- **Data excerpts**
··········

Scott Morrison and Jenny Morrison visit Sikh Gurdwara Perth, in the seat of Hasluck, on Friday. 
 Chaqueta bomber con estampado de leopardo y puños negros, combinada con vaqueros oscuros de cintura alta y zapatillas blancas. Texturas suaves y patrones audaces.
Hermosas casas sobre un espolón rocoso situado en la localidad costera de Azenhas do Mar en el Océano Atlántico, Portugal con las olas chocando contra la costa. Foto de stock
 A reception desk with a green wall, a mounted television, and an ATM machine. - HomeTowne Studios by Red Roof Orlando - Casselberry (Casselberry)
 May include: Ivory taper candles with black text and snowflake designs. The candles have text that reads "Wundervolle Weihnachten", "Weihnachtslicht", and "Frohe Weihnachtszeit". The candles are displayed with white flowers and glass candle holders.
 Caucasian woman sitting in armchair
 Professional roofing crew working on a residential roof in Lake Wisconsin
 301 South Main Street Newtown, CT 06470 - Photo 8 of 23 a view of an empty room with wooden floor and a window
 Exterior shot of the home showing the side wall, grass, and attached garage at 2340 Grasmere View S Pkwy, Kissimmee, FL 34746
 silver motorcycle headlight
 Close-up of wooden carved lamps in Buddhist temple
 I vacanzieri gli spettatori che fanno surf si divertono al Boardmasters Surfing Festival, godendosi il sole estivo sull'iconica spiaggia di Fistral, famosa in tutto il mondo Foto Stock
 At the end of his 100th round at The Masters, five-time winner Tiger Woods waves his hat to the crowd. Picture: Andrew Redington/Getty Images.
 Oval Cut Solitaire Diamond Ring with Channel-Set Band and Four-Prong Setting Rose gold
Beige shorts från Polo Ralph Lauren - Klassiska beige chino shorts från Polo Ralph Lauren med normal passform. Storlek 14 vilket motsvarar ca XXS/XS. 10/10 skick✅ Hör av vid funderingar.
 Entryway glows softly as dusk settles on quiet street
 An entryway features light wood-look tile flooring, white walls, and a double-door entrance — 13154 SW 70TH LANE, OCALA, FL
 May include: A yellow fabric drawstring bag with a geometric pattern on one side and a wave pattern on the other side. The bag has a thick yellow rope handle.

··········

- **Required work**
There is a line with "Professional roofing crew" and a line with "Exterior shot of" above. Copy exactly those two lines and all lines between them, with nothing else.

- **Task solution**
 Professional roofing crew working on a residential roof in Lake Wisconsin
 301 South Main Street Newtown, CT 06470 - Photo 8 of 23 a view of an empty room with wooden floor and a window
 Exterior shot of the home showing the side wall, grass, and attached garage at 2340 Grasmere View S Pkwy, Kissimmee, FL 34746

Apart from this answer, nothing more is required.